Eligibility For Small Business Tax Rate
Access to the small business rate has been effectively removed for small businesses working solely for large private corporations. In B.C. this would mean a doubling of the tax rate from 13% to 26%. This greatly reduces the tax incentive for small businesses to operate in Canada. Loss of small business in Canada is detrimental to the entire economy.
Legislation was introduced in the March 21, 2016 budget and was intended to apply to years beginning on or after the budget date, meaning it will apply to years ending March 20, 2017 or later. These rules affect corporate groups by removing access to the small business limit.
If you have two private companies and one company gets 10% or more of its taxable income from the other private company and there is a non-arm’s length shareholder, then the income between the two companies is deemed to be “specified corporate income”, (herein referred to as “SCI”). SCI is still considered active business income, but is no longer eligible for the small business deduction (i.e. gets the 26% general corporate rate rather than the 13% small business rate). There is no specified amount of ownership the non-arm’s length shareholder needs to own for these rules to apply as it’s written. The company paying the other company is able to elect to share their small business limit with the other company to then have it taxed at 13%.

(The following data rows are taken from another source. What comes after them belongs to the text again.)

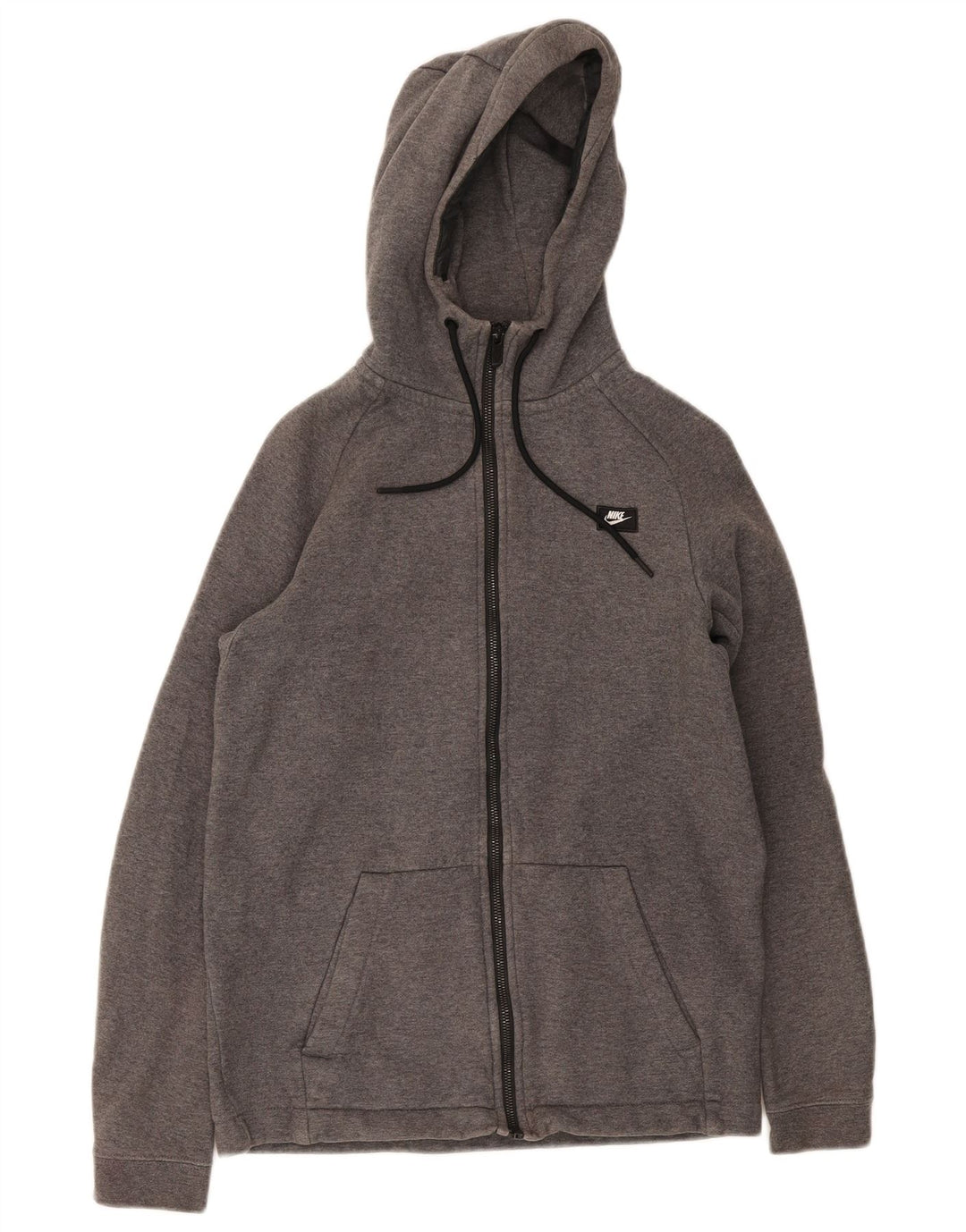 Nike Pull à capuche zippé pour homme Petit coton gris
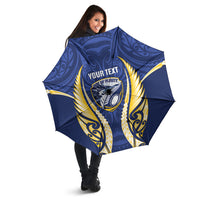 Bay of Plenty 2026 Rugby Custom Umbrella NZ Maori Silver Fern LT14 - Polynesian Pride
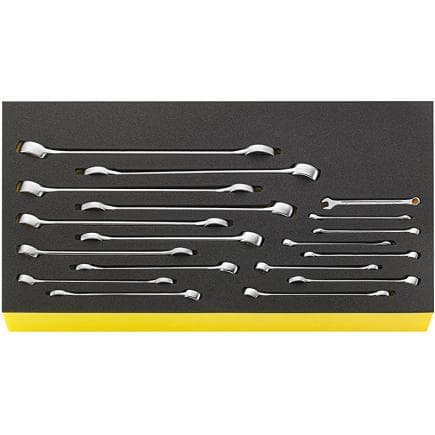 STAHLWILLE 96830121 - Clés mixtes en insert TCS (18 pcs.)
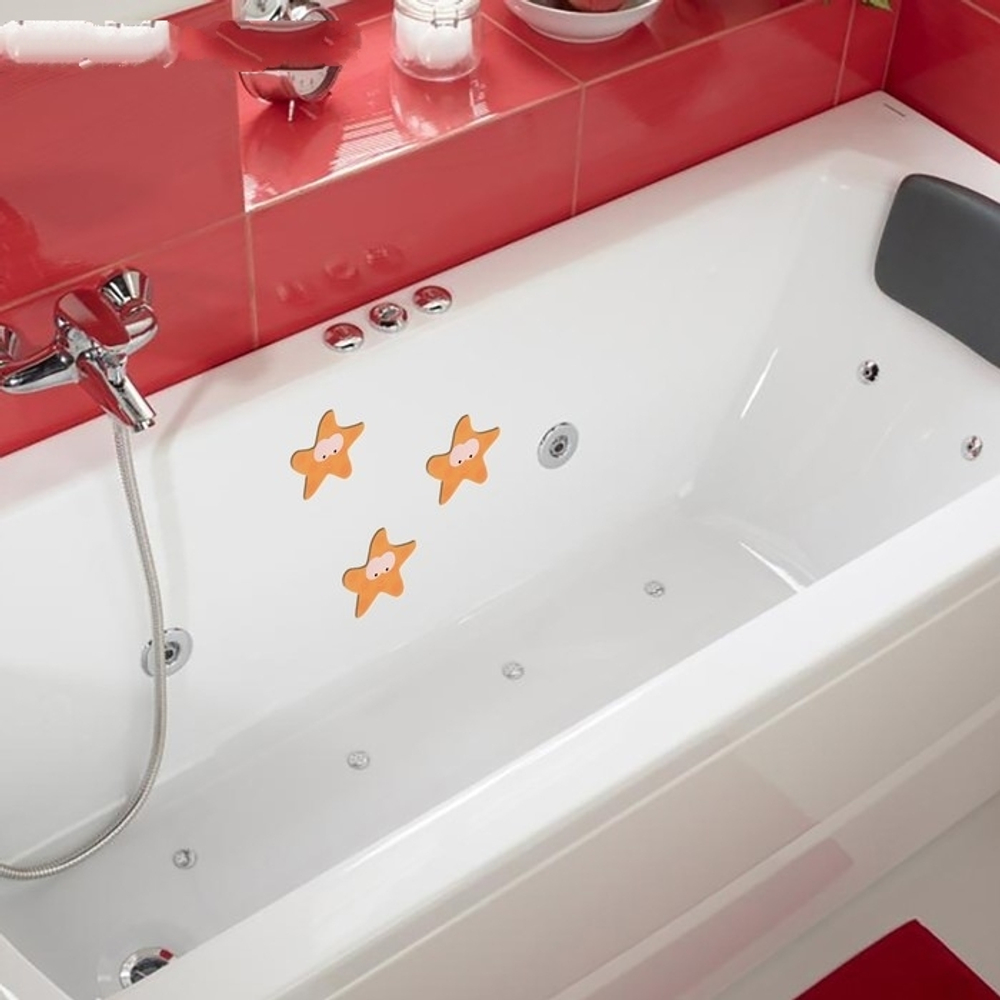 Мини-коврик для ванны 12х13 см "Морская звезда", 1562690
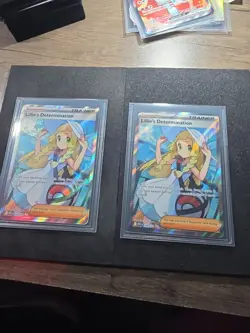 Lillie's Determination Lot 169/132 Plus 184/132 X2 Pokemon Mega Evolution Card - Image 4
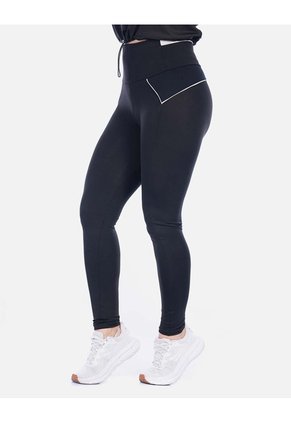 Leggings Deportivos Tiro Alto Vinotinto Con Vivo Contraste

- Company A – Owned by Mr. A, say their taxable income is $500,000;
- Company B – Large private corporation in which Mr. A’s cousin (not “related” for tax purposes, but “non-arm’s length”) owns 1 common share out of 100,000,000 common shares;
- Company A gets 15% of its taxable income from Company B;
- Since it’s more than 10% and the other company has a non-arm’s length shareholder, this income is considered SCI;
- This means the $75,000 ($500,000 x 15%) of income Company A receives from Company B is no longer eligible to get the small business rate of 13%, but gets bumped to 26%; and
- Company B can elect to give Company A some of its small business limit up to $75,000, but Company B is very unlikely to do so since Mr. A’s cousin only owns a single share in a large corporation.
The intent of these rules was to catch corporate structures that circumvent the existing association rules to share the small business limit among many otherwise non-associated corporations. Unfortunately, the legislators used wording that was too broad and currently there is no % of ownership the non-arm’s length shareholder needs to own for these rules to kick in and as a result they cast a much bigger net than it appears they were intending.
A simple solution is to have the share ownership for the non-arm’s length party defined as a percentage so it will not affect most small businesses working for large private corporations.
THE CHAMBER RECOMMENDS
That the Federal Government defines a share ownership percentage of 10% or higher for the non-arm’s length party with respect to specified corporate income.